The governor told reporters he was not opposed to different opinions.

Some attending the hearing told the Bangkok Post that they did not know much about the matter under discussion.

Some admitted their local village leaders had sent vehicles to pick them up to attend the event. Authorities handed out free Islamic thobes (body-length garments similar to a robe) for Muslim attendees and jackets for non-Muslim attendees, as well as food coupons.

Some residents came out in support of the project. "Perhaps coal-fired power plants will create jobs for local people," said Thepa resident Muhummad Sa-i, 38.

"I'm not sure about the impact of the project. But it would be great if local people can pay cheaper prices for power."

Protester Ai-yob Muheh, 47, said he was very concerned about the social and environmental impacts of coal power on his home.

"This area is abundant with natural resources.
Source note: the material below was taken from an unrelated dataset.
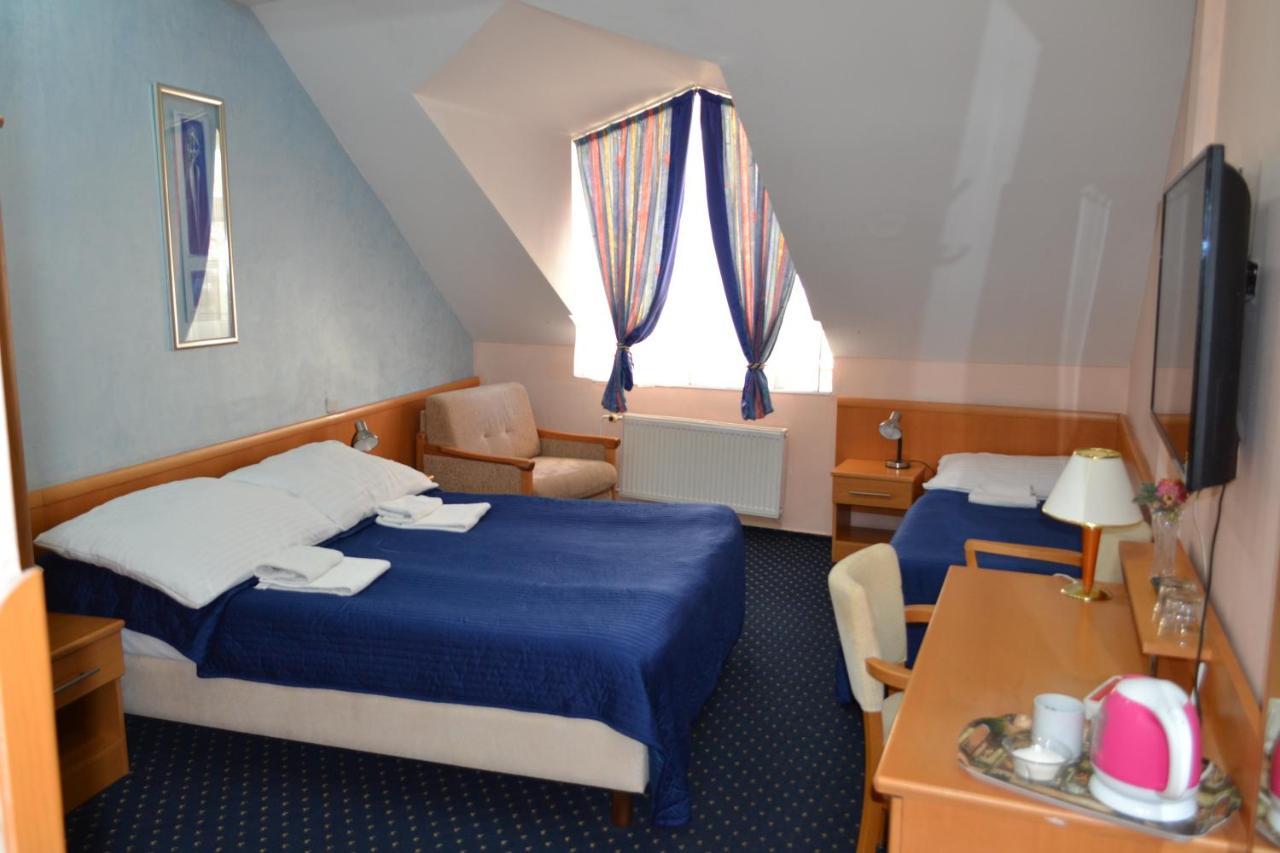 Aladin Praha Hotel Exterior photo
Coal will ruin that," he said.

The protesters filed a petition to the Southern Border Provinces Administrative Centre in Yala Monday asking it to investigate both the public hearing and Mr Thamrong for his order banning gatherings at the Pak Bang TAO office.

Anuchart Palakawongse Na Ayudhya, director of Egat's Project Environment Division, insisted Egat's hearings were lawful. "We have organised the public review step by step according to the law," he said.

Maj Anuchart said Egat did not bar anyone from expressing their opinions. "It's impossible to cancel the project. Most Thepha people support it," he said.